Recently I came across a post from T-Mobile in which they claim to have achieved a download speed of 5.6 Gbps over a 100 MHz channel resulting in a Spectral Efficiency of more than 50 bps/Hz. This was achieved in an MU-MIMO configuration with eight connected devices having an aggregate of 16 parallel streams i.e. two parallel streams per device. The channel used for this experiment was the mid-band frequency of 2.5 GHz.

Now let us revisit the Shannon Capacity theorem and see what data rate it predicts with the above parameters. Shannon Capacity theorem is given as:

C = N x BW x log2(1+SNR)

where

N=16 is the number of parallel streams enabled by multiple antennas at Tx and Rx

BW=100 MHz is the total bandwidth available to the carrier in the 2.5 GHz band

SNR=10 is the Signal to Noise Ratio (a moderately good SNR is assumed)

Plugging these numbers in, we get a capacity limit of 5.54 Gbps, approximately the same number obtained in the experiment. But it all depends upon the Signal to Noise Ratio, that has not been mentioned by T-Mobile in the reference post. With an SNR=20 dB, a very good channel condition, the capacity increases to about 10.65 Gbps but with an SNR=0 dB, a likely scenario at the cell edge, the capacity drops to 1.6 Gbps. The details for the capacity at different SNRs are given in the table and figure below.
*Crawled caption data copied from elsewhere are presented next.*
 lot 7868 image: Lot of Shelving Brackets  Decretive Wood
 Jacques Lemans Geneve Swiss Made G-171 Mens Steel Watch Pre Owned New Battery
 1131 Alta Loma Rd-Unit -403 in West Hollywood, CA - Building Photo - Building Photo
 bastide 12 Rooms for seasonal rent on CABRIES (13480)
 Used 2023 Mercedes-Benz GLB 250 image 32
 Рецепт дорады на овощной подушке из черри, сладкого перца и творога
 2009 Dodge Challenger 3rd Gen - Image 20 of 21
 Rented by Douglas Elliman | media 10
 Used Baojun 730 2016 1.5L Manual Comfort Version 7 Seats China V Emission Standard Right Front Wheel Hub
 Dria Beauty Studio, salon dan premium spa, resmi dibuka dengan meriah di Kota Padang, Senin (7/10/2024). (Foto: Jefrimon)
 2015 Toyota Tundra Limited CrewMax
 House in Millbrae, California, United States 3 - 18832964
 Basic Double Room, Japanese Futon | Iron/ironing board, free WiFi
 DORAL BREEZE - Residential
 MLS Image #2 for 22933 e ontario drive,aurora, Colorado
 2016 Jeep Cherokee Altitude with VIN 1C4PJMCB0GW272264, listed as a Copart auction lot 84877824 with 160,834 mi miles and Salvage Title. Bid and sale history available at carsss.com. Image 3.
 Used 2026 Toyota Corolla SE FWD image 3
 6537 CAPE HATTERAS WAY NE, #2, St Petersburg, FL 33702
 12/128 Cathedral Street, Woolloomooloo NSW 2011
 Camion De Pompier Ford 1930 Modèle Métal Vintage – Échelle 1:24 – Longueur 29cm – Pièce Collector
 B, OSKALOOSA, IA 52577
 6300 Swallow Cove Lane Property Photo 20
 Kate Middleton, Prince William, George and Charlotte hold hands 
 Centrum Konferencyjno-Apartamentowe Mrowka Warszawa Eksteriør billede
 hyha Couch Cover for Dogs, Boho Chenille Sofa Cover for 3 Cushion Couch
1. Please note that the above capacity calculations are for eight users simultaneously connected over the 100 MHz channel. The data rate achieved by a single user, in the T-Mobile experiment, was 5600/8=700 Mbps.
2. Also note that much higher bandwidths are available in the millitmeter wave band and this may increase the data rates 10 fold or even higher.